Key economic releases could drive short-term rate moves. An unemployment report and an inflation reading scheduled for March 11 precede the Federal Reserve's next meeting on March 17–18, dates that market participants are treating as pivotal for the path of interest rates. If the inflation reading remains elevated, the central bank's meeting could sustain the higher-for-longer stance that weighed on long-term yields earlier; if inflation cools meaningfully, volatility could ease and lock in recent rate declines. These are observable scenarios tied to specific datapoints and calendar events rather than speculation.

Key takeaways

  • Market snapshot (as of March 4, 2026 ET): 30-year average 5. 87%, 15-year average 5. 37%.
  • Applications are near multi-decade lows: 96 of the 100 weakest weekly readings since 1999 occurred in the past three years.
  • Upcoming unemployment and inflation releases, and the Fed meeting on March 17–18, are the main near-term drivers to watch.

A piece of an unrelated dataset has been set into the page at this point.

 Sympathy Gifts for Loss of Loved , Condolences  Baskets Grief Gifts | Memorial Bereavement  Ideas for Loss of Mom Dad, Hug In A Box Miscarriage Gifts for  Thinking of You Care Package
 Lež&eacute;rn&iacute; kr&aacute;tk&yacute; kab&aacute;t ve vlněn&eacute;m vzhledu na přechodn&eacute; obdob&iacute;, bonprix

For prospective buyers and refinancers, the current mix—lower headline mortgage rates but constrained listings and historically weak application activity—means opportunity and friction coexist. The coming economic readings and the Fed's policy guidance will likely shape whether the recent slide below 6% gains traction or proves temporary. Observers should track the cited datapoints and calendar events for clearer signals about market direction.